• Task directions: Exact repetition of a range: find the line containing "Poke Bowl au Saumon, Edamame et Radis" and the line containing "Used 2023 Blue BMW xDrive28i image 5" in the material below, then repeat both and all lines between them, leaving pictures out.

• Records for this exercise:
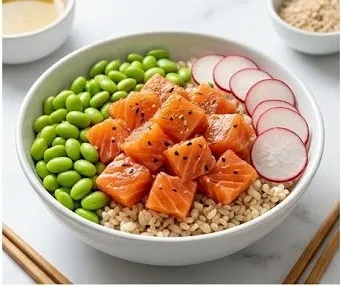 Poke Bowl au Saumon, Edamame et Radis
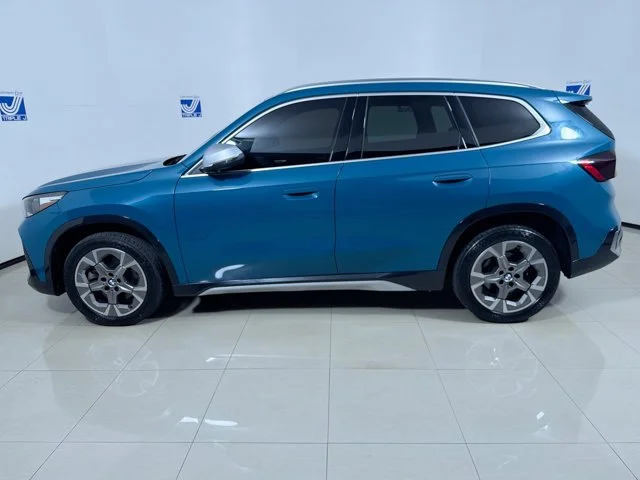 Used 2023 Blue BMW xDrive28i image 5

==

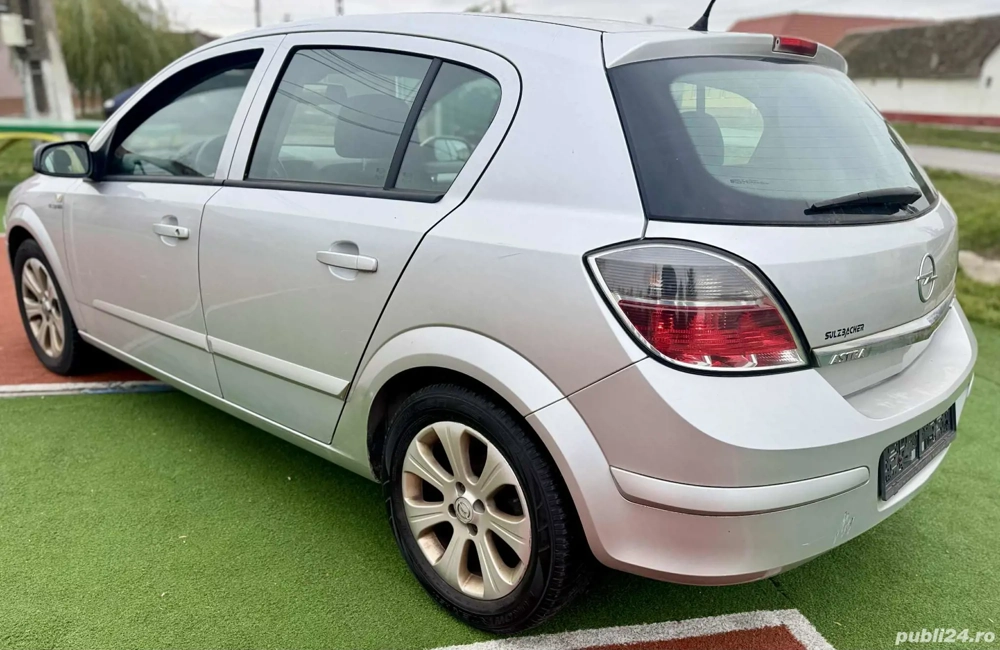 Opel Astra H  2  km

• Exercise result:
 Poke Bowl au Saumon, Edamame et Radis
 Used 2023 Blue BMW xDrive28i image 5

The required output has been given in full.